Thanks guys. I think I have 2 spools of #12 solid out in the garage. One red and one light blue. That will work great. 
I got them when some new parking lot lights were installed where I worked and they let me have them.


----------



## mopac (Feb 24, 2011)

Memory not too good. There was 2 spools. Red one and blue one.
Not 12 and not solid. Here is what it says- 10 AWG 600 volts gasoline and oil resistent and looks like maybe 10 strands. Would probably work but solid would be better.


----------



## NIMT (Jan 6, 2011)

Mopac,
#10's WOW your trying to step into my field of play! I use #10's for my main buss but people say I'm a little off!:retard:
Normal DCC Bus is #16 to #12 and Drops are #24 to #18. 
It's a toss up on stranded or solid, I personally like stranded!
You can make connections right now or just make a loop at every place you might have to cut it apart then when you do move it. When you move you just cut the main bus and solder it back together after the move.:thumbsup:
When doing your main bus it is better to run the bus out from the command station but never back to it in a complete loop!


----------



## gunrunnerjohn (Nov 10, 2010)

There's absolutely nothing wrong with #10 stranded wire for the main buss, sounds like a great choice. Stranded is actually easier to work with in many cases than solid, no problem there.


----------



## C&O Railfan (Apr 13, 2012)

"When doing your main bus it is better to run the bus out from the command station but never back to it in a complete loop![/QUOTE]"

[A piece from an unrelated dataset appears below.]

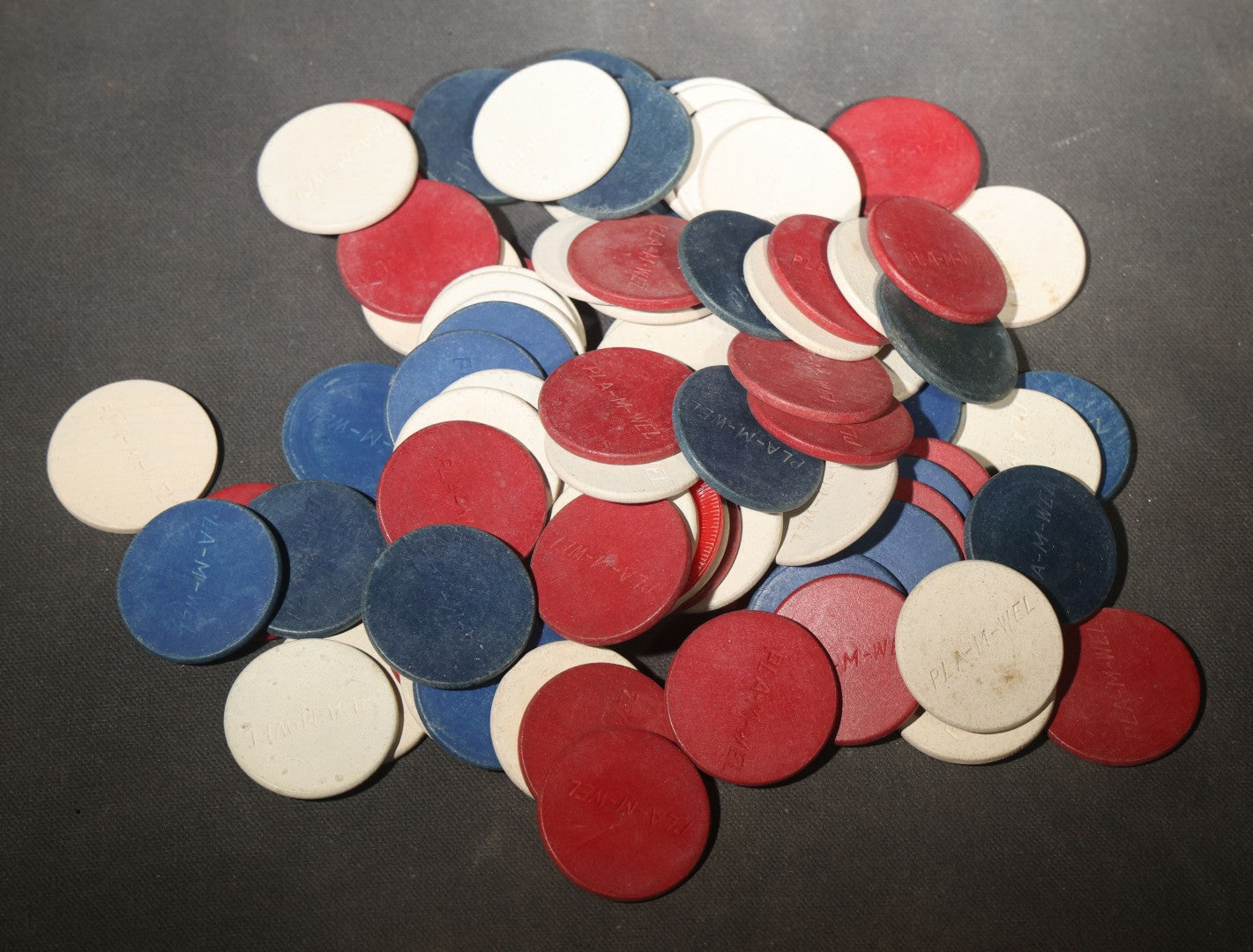 Vintage Grouping of Pla-M-Wel Clay Poker Chips in Red, White, and Blue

This catches my interest.... I have a 6X8 loop and I ran my 14 gauge bus all the way around my loop and back close to station. I am planning on adding an additional loop, a small yard, and some spurs (posted in Layout Design thread). I planned to connect/run it around 2nd loop again, with additional power to yard/spurs. Apparently, I'm wrong... I thought I had this right, so how would/should it be done? I've attached my layout plan for reference.


----------



## Brakeman Jake (Mar 8, 2009)

Looping your buss wire back to itself isn't a problem in itself,it just makes troubleshooting tougher if you should have a "buss" related problem as current comes from two directions instead of one.


----------



## tjcruiser (Jan 10, 2010)

Brakeman Jake said:


> Looping your buss wire back to itself isn't a problem in itself,it just makes troubleshooting tougher if you should have a "buss" related problem as current comes from two directions instead of one.


Current will actually flow in just one path ... the one of least resistance ... either through the CW left side of a loop, or the CW right side of a loop, as the case may be. From there, through the train, and back through the other rail.

I say this, because we had a "help me" thread a while back ... someone was frustrated that a train ran well for a portion of their simple loop, but always slowed down in another portion. I forget the details of the fix, but in the process of debugging, we realized that current was flowing one way for the train in one region of the track and the other way with the train in a different region of track.

TJ


----------



## NIMT (Jan 6, 2011)

The power aspect of the DCC end of things is not the issue. 
They say it's the digital signal that can become a problem.
I have not personally run into any problems with this. 
There is some talk of the signals looping back on itself and collapsing upon itself causing a degrading of the digital signal. I would think that it would take a very large run to cause enough signal delay to cause a problem.


----------



## Southern (Nov 17, 2008)

Stranded vs solid wire. Solid is great if the wire is signatory. ie: home. building, permanent Model train layouts. Stranded is best if the wire is moving or exposed to vibration. ie Cars, power poles, model locomotive, module train layouts. The bigger the gage the better (smaller gage number). Less than 12 is not needed but if you got it, it will work and it is free.

NIMT thanks for the info on DCC loop. I did not see anything wrong with looping the power.


----------



## gunrunnerjohn (Nov 10, 2010)

I can see in a really large loop that signal delays might cause some distortion of the signal. It's really dependent on the frequencies involved and the distance the signal is traveling.


----------